Selon les conclusions principales de l’étude, on observe :
- Un nombre record de 10 046 interdictions de livres dans les écoles publiques au cours de l’année scolaire précédente.
- Une hausse de 200 % des interdictions par rapport à l’année précédente.
- Les États de Floride et de l’Iowa enregistrent le plus grand nombre d’interdictions, avec plus de 4 500 en Floride et plus de 3 600 en Iowa, en raison de lois censurant les livres dans les écoles publiques.
- 4 231 titres uniques visés par ces interdictions.
- 2 877 auteurs, illustrateurs et traducteurs affectés.
- Le livre le plus souvent interdit : Nineteen Minutes de Jodi Picoult.
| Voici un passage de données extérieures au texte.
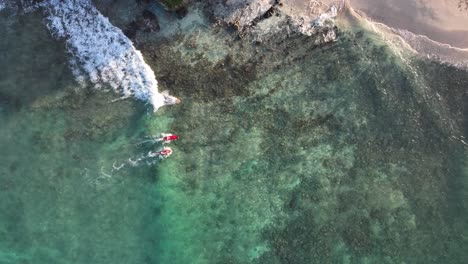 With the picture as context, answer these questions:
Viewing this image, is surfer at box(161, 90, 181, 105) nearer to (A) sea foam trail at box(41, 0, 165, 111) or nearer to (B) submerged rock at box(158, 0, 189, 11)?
(A) sea foam trail at box(41, 0, 165, 111)

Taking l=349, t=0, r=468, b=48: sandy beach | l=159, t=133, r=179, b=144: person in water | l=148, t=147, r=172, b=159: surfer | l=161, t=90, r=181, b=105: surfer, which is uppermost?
l=349, t=0, r=468, b=48: sandy beach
Réactions d’auteurs et d’experts
Depuis 2021, la série de rapports Banned in America a comptabilisé près de 16 000 interdictions de livres dans les écoles publiques. Une analyse des 1 091 livres interdits dans deux ou plusieurs districts scolaires montre que 44 % de ces ouvrages mettent en scène des personnages de couleur et 39 % des personnages LGBTQ+.
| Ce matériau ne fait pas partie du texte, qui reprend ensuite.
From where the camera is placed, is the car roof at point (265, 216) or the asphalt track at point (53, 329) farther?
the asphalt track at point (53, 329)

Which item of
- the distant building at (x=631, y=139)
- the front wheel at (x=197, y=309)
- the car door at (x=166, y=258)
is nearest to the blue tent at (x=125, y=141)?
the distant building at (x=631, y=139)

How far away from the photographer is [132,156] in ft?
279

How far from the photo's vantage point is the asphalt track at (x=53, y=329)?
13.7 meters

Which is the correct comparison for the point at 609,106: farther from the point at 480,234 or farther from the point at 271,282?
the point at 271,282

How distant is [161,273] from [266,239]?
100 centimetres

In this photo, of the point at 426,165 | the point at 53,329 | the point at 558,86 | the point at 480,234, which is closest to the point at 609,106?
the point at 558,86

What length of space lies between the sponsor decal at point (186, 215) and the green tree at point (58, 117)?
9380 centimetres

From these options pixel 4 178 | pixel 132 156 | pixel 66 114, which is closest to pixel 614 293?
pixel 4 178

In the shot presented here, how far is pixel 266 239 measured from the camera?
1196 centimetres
Jodi Picoult, dont le livre Nineteen Minutes est le plus interdit, a déclaré dans le rapport :
« Avoir le livre le plus interdit du pays n’est pas un signe d’honneur, c’est un appel à l’alarme. Nineteen Minutes est banni non pas parce qu’il traite d’une fusillade scolaire, mais en raison d’une seule page qui décrit un viol date et utilise des termes anatomiquement corrects pour le corps humain. »
Elle affirme que son livre, ainsi que les 10 000 autres retirés des bibliothèques scolaires cette année, offre aux jeunes des outils pour faire face à un monde de plus en plus divisé et difficile.
Des thèmes de plus en plus censurés
Le rapport souligne également que les livres qui abordent des sujets auxquels les jeunes sont confrontés dans la réalité, tels que l’abus de substances, le suicide, la dépression, et la violence sexuelle, sont de plus en plus censurés.
Kasey Meehan, directrice du programme Freedom to Read de PEN America, affirme : « Cette crise est tragique pour les jeunes qui cherchent à comprendre le monde dans lequel ils vivent et à voir leurs identités et expériences reflétées dans les livres. »
La censure douce en expansion
Le rapport examine aussi un phénomène que l’on appelle « expansion de la censure douce », où des craintes d’une censure réelle poussent les éducateurs à s’autocensurer ou à supprimer des discours au-delà des livres explicitement interdits. Cette censure douce se manifeste lorsque des matériels sont intentionnellement retirés, limités ou jamais acquis, malgré leur pertinence pour une communauté.
Un exemple en est le district scolaire de Cobb County, près d’Atlanta, où plus de 1 600 livres ont été retirés des bibliothèques, y compris de nombreux titres populaires abordant des thèmes sexuels et diversifiés.